BEIJING • China’s overseas shipments rose from a year earlier as global demand held up and trade tensions with the US were kept in check amid ongoing talks. At home, resilient demand led to a rise in imports.
Exports rose 11.3% in June in dollar terms, the customs administration said yesterday, more than the estimate of 8.9% in a Bloomberg survey. Imports increased 17.2% in dollar terms, leaving a trade surplus of US$42.8 billion (RM183.71 billion).

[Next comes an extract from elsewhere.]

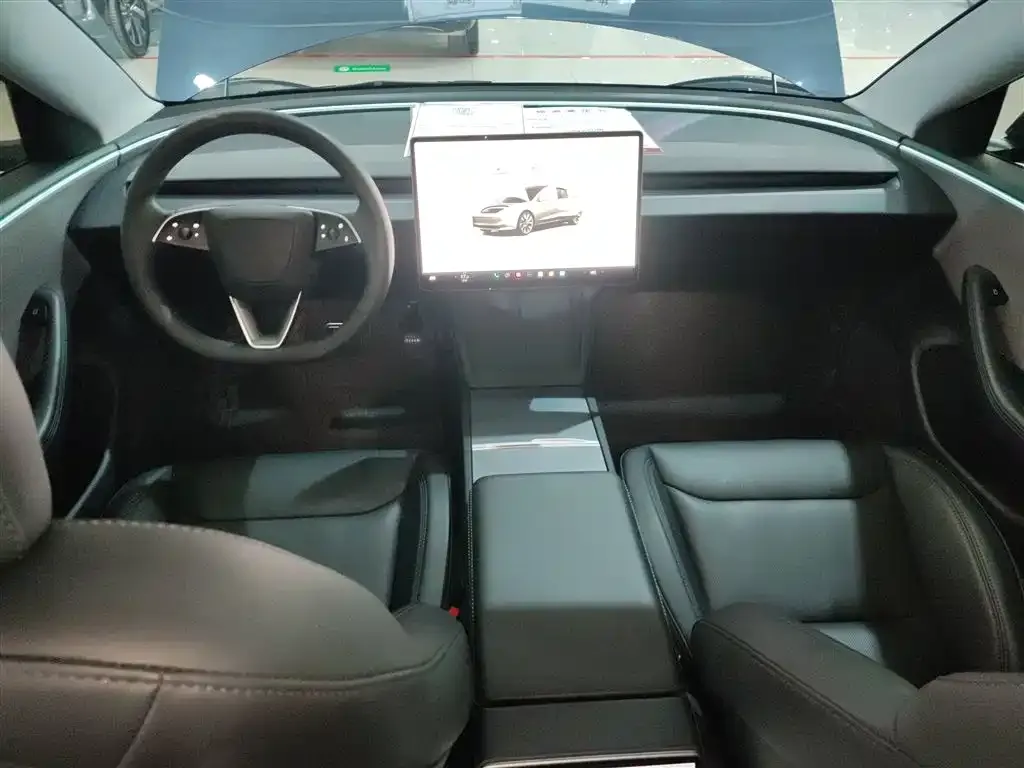 Tesla Model 3 — фото 9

Demand for Chinese products has proven resilient this year as global demand holds up. Tensions with the country’s largest trading partner also appear to be easing after 100-day trade talks due to end on July 16 have signalled some progress toward addressing the deficit run by the US, which last year reached US$347 billion.
At the same time, the stronger than expected import reading bodes well for second-quarter (2Q) gross domestic product growth, due for release on Monday, as it may signal that domestic demand hasn’t succumbed to greater curbs this year on lending or the property market.
“The upbeat figures point to still-strong foreign demand for Chinese goods, as well as fairly resilient domestic demand,” said Julian Evans-Pritchard, China economist at Capital Economics Ltd in Singapore. “We are sceptical that the current pace of imports can be sustained for much longer given the increasing headwinds to China’s economy from policy tightening.”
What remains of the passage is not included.